05 March 2014

North Liberty "Gateway to Potato Creek"

North Liberty's Downtown-the Yum Yum is on the right
One of the most recent listings to the National Register in Northern Indiana is one of the smallest downtowns to receive that recognition.  North Liberty's downtown, just a block long, was a lively place in its day.  The town is looking to the future by celebrating its past.  One place, the Yum Yum Shoppe, has become one of our favorite spots for pizza and ice cream...it's amazing how the car can find its way down lightly-traveled highways for ice cream.

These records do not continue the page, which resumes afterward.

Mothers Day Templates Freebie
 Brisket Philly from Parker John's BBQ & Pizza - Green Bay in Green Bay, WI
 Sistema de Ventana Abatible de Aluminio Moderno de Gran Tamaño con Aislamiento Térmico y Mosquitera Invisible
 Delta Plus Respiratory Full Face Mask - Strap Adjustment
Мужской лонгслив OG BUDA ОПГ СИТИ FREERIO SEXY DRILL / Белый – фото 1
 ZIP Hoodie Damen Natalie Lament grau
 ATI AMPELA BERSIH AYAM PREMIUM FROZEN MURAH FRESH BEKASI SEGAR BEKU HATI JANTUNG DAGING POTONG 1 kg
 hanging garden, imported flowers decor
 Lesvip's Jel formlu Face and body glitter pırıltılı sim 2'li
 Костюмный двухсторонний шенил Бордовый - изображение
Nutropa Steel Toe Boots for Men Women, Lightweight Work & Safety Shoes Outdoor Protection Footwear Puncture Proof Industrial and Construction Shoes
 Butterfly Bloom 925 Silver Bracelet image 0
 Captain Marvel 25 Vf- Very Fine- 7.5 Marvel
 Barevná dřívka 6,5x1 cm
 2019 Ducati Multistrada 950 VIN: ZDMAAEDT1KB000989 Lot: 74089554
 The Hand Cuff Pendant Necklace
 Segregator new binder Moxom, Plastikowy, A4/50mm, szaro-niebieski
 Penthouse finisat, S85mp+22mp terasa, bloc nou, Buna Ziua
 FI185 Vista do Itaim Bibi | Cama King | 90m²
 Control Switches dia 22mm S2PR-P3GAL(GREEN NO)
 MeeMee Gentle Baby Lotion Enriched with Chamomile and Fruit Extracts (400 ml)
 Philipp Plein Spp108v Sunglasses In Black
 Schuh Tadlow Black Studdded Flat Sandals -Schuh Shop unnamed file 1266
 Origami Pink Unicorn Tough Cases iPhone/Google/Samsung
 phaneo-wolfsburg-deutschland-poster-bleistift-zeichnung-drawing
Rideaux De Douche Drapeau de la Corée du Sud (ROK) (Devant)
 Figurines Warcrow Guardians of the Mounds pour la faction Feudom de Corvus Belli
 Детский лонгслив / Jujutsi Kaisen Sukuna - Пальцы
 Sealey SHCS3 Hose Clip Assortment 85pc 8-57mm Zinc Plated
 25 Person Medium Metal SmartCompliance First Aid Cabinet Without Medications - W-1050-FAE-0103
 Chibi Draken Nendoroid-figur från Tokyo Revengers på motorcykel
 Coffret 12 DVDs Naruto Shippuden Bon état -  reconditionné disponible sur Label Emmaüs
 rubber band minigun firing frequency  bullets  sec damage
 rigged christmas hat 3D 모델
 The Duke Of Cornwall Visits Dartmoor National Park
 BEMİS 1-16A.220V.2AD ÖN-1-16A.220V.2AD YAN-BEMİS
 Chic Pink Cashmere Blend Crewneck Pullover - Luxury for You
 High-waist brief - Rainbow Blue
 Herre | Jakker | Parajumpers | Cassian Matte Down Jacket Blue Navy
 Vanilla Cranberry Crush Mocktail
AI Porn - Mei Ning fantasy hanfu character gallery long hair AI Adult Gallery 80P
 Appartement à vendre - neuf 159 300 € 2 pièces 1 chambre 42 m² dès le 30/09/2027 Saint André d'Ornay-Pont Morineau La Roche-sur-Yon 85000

North Liberty was platted in 1837 by Daniel and James Antrim.  It was surveyed by the St. Joseph County surveyor, T. W. Bray.  It is located at the conjunction of sections 28, 29, 32, and 33 in Liberty Township.  Liberty Township is recognized as one of the earliest settled townships of St. Joseph County.  During the 1850s, the land in the township began to be cleared for agricultural purposes.  Farming and lumber were the chief industries in the township by the 1880s.  A total of five sawmills were in operation by that time.


The first election in the township was held at James Antrim’s house in North Liberty in 1837.  The first house on a platted lot in the town was constructed in that same year by James Downey.  Four additional homes were built in the same year.  A gristmill was built in North Liberty in 1837 and a sawmill was constructed in 1839 by Hiram Bean and Alonzo Hill.  The first school was constructed in 1840 and in 1868 a high school building was constructed in North Liberty.  The first church was organized and constructed by the Methodists in North Liberty in 1851.  By 1880, there were three churches, the Methodist, Seventh Day Adventist, and Episcopal churches.  The town’s cemetery was established in 1842.  The Cole Brothers constructed a large planing mill and manufacturing facility in 1866.  The establishment burned in 1871, but was reincorporated in 1873 as the North Liberty Manufacturing Company which continued into the 20th century.  The company manufactured wagons and buggies.

By 1880, the population of North Liberty reached about 400 people.  At the end of the 19th century an extension of the Wabash Railroad and the arrival of the Chicago Belt Line Railroad, which was solely a freight line, assisted the general growth of the town and its industries.  North Liberty was incorporated as a town in 1894.  By 1903, the population had grown to 504 people.  Sidewalks were placed in the town in 1912 and in 1913 the community was preparing to be illuminated with electrical lights.


The county 4-H fair was first held in North Liberty in 1928; it was held in the downtown until about 1935 when it relocated to another location in St. Joseph County.  After the arrival of the railroads and general conversion of land to agricultural production the town and township had slow measured growth during the remaining part of the 20th century.  North Liberty remained the only village in the township.  The town had a population of 977 people in 1940.  In 1960, the population had grown to 1,241 people.  By 1978, when Potato Creek State Park was established in the township, the population of North Liberty remained virtually unchanged at 1,250 people.